▸ **PROVIDED RECORDS**
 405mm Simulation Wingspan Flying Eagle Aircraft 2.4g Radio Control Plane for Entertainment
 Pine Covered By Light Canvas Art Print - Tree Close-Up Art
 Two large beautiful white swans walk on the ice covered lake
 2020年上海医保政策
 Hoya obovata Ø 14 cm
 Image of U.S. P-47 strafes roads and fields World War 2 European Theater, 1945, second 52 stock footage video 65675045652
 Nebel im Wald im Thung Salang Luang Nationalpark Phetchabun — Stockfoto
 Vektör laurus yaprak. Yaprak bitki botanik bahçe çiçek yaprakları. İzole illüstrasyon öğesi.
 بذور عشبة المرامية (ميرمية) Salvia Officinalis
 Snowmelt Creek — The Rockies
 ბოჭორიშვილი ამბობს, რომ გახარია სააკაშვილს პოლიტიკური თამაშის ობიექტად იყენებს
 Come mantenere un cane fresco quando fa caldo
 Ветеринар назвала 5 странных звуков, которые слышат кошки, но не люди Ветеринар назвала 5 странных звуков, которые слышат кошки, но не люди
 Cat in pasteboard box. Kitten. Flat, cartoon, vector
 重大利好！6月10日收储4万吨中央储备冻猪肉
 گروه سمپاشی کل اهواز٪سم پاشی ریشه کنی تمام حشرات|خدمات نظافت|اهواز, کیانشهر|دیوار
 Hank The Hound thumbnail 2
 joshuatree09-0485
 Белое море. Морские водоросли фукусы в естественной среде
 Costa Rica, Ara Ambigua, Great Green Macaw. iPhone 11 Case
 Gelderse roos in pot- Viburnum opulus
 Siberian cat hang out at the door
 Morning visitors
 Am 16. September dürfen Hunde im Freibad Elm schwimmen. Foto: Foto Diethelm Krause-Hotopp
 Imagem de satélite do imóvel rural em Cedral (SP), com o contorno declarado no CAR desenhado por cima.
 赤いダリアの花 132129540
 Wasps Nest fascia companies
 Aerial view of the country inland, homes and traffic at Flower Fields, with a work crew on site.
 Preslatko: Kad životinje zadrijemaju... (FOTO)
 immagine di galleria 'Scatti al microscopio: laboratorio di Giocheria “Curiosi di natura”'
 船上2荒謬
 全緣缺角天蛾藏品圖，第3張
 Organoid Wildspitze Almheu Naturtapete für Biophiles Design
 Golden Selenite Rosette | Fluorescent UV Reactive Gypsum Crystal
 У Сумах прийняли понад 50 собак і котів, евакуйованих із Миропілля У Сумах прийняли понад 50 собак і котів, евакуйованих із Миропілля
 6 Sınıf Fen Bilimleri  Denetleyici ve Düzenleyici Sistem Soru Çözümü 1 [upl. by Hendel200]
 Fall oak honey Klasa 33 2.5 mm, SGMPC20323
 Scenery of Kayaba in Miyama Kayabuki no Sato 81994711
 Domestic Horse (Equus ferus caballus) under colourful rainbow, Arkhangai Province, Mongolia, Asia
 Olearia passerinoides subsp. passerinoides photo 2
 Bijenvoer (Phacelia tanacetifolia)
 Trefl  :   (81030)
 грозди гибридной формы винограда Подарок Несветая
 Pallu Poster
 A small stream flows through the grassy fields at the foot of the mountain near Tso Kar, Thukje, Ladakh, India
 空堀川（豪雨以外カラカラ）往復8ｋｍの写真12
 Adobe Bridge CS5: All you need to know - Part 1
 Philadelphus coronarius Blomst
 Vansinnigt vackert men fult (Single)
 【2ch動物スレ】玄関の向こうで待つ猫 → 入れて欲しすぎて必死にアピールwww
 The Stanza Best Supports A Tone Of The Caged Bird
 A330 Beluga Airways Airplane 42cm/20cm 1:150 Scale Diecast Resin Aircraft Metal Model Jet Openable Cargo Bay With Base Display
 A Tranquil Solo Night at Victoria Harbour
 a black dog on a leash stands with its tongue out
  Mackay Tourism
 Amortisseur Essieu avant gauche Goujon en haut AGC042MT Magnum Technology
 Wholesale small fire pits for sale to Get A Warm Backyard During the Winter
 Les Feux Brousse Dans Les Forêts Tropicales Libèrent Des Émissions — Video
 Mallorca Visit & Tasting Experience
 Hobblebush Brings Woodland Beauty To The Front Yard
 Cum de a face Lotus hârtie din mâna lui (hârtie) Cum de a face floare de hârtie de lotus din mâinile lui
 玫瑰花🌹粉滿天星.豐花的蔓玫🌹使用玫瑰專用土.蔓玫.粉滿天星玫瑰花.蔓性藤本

▸ **PROMPT**
Would you print exactly and only the lines of the material above that run from the line with "Vektör laurus yaprak." through the line with "Come mantenere un", both included?

▸ **ANSWER SECTION**
 Vektör laurus yaprak. Yaprak bitki botanik bahçe çiçek yaprakları. İzole illüstrasyon öğesi.
 بذور عشبة المرامية (ميرمية) Salvia Officinalis
 Snowmelt Creek — The Rockies
 ბოჭორიშვილი ამბობს, რომ გახარია სააკაშვილს პოლიტიკური თამაშის ობიექტად იყენებს
 Come mantenere un cane fresco quando fa caldo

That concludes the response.